(Beginning of INPUT)
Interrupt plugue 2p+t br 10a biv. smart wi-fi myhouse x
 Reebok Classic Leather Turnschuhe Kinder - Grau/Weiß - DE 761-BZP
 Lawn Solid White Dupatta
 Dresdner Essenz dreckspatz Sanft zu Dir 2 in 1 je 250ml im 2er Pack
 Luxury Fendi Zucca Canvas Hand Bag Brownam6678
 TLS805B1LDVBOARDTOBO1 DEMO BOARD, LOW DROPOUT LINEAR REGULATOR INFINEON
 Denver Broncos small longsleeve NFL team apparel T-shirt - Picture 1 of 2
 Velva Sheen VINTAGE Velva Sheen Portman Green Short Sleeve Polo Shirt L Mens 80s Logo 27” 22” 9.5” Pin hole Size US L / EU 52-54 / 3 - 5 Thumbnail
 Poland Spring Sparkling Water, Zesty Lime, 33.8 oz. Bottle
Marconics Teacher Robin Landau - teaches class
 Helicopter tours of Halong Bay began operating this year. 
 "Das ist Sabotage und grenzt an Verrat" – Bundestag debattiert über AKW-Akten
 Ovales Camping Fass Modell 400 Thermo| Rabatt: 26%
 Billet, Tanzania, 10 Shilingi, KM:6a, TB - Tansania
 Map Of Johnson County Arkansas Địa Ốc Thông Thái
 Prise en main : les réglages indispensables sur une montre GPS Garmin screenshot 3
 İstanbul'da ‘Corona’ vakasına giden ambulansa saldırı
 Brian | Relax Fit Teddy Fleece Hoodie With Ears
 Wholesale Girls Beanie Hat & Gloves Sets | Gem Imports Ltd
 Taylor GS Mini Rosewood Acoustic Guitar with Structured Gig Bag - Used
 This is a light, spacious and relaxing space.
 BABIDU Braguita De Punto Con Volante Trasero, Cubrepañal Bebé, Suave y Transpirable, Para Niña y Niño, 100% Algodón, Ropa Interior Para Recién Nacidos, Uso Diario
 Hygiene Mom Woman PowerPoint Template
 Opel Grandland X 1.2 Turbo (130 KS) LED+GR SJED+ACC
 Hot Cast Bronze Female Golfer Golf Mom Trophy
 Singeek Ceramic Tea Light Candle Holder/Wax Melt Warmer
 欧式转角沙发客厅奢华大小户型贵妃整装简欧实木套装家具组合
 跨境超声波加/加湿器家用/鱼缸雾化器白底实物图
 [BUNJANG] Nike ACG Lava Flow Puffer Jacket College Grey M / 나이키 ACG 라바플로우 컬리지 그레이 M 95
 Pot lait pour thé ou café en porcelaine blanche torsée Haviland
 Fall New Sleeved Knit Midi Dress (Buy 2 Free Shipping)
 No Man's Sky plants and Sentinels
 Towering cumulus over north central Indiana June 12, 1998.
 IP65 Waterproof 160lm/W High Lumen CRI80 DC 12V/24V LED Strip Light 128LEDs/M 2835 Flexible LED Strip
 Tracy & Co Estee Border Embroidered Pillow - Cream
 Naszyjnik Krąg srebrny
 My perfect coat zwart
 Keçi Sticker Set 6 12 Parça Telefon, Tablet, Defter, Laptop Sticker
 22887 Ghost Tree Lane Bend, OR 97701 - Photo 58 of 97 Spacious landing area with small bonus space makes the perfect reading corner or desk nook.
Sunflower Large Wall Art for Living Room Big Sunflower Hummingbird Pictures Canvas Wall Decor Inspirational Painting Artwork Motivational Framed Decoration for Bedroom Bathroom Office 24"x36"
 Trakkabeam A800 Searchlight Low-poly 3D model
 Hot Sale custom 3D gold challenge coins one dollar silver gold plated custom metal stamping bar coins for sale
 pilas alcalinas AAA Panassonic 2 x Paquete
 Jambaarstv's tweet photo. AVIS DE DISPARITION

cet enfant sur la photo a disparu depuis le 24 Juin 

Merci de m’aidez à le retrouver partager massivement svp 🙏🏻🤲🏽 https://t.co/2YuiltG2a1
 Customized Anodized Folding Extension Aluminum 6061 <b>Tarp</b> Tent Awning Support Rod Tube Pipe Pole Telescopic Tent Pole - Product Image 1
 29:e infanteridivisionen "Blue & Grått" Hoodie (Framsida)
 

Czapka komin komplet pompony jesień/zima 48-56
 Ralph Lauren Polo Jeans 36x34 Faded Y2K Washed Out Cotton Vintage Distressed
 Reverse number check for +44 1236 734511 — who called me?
(End of INPUT)
- **EXERCISE INSTRUCTIONS**
Every line above that includes the string "Polo" needs to be copied.

- **COMPLETED TASK**
 Velva Sheen VINTAGE Velva Sheen Portman Green Short Sleeve Polo Shirt L Mens 80s Logo 27” 22” 9.5” Pin hole Size US L / EU 52-54 / 3 - 5 Thumbnail
 Ralph Lauren Polo Jeans 36x34 Faded Y2K Washed Out Cotton Vintage Distressed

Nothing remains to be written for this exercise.